Work task: Give back every line of the data exactly. Pictures are not part of the copy.

#### Source data

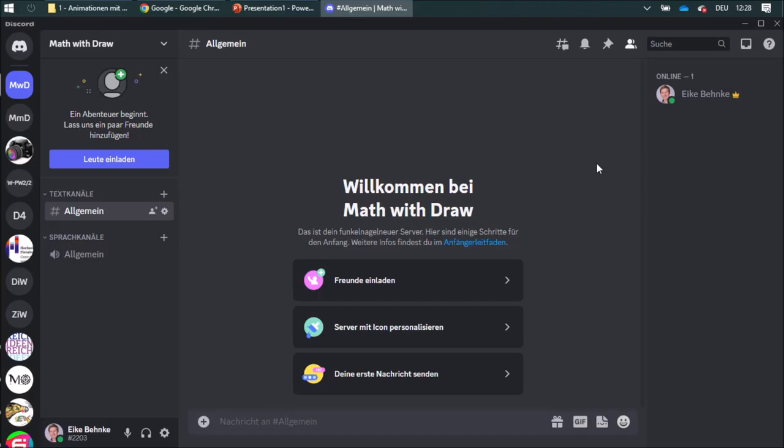If you have some questions or suggestions, I'd be happy if you join my Discord server. The link for this server is below this video.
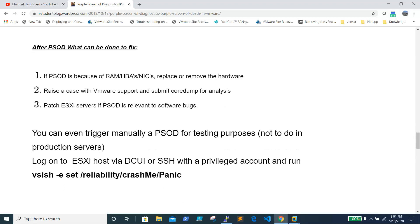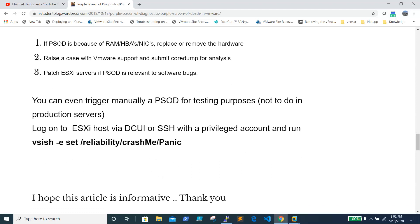After a PSOD, if the issue is hardware-related, remove the bad component — such as a faulty RAM module, HBA, or NIC — and replace it with a good one. If the cause is unclear, raise a support case with VMware and submit the code dumps for analysis so they can provide a root cause analysis (RCA). Always keep your ESXi boxes patched to prevent PSOD-related bugs.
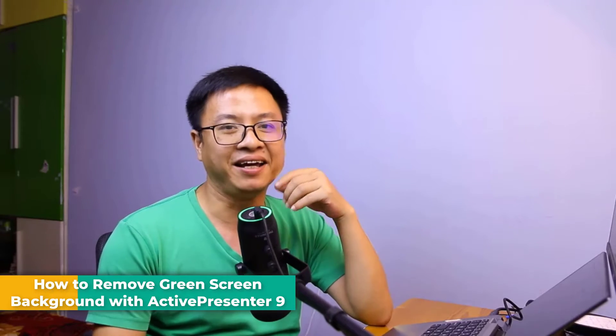In this video you will learn how to remove the green screen background easily with ActivePresenter 9. This is a software that you can use to create online training videos, software tutorials, and e-learning courses.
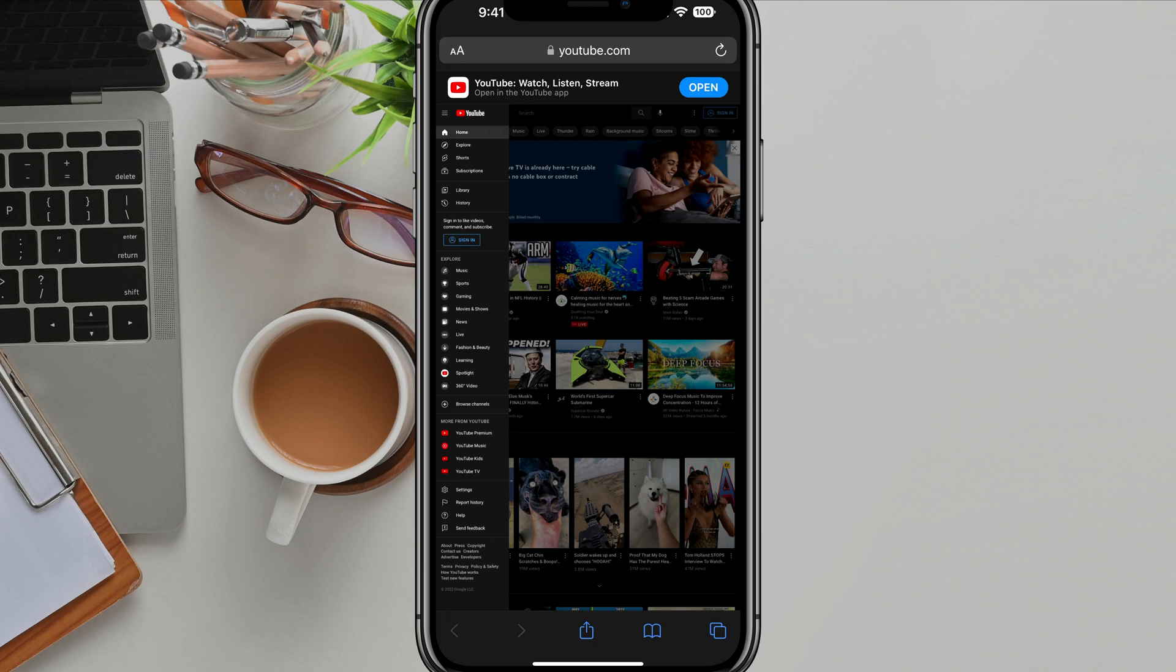Hello everyone. Welcome to another tutorial video today. I'm going to show you how to view your YouTube comment history on mobile.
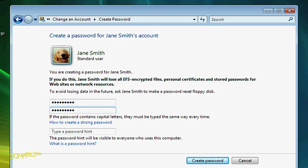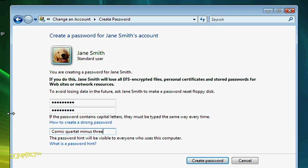Also, the password will be case-specific. That means it makes a difference if you use uppercase or lowercase letters. Below the fields to enter your password, you'll see a field to enter a password hint. The hint will be visible to anyone who uses the computer if they go to the User Account section, so you need to be pretty cryptic here, too.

########

Your solution:
If you have some questions or suggestions, I'd be happy if you join my Discord server. The link for this server is below this video.
After a PSOD, if the issue is hardware-related, remove the bad component — such as a faulty RAM module, HBA, or NIC — and replace it with a good one. If the cause is unclear, raise a support case with VMware and submit the code dumps for analysis so they can provide a root cause analysis (RCA). Always keep your ESXi boxes patched to prevent PSOD-related bugs.
In this video you will learn how to remove the green screen background easily with ActivePresenter 9. This is a software that you can use to create online training videos, software tutorials, and e-learning courses.
Hello everyone. Welcome to another tutorial video today. I'm going to show you how to view your YouTube comment history on mobile.
Also, the password will be case-specific. That means it makes a difference if you use uppercase or lowercase letters. Below the fields to enter your password, you'll see a field to enter a password hint. The hint will be visible to anyone who uses the computer if they go to the User Account section, so you need to be pretty cryptic here, too.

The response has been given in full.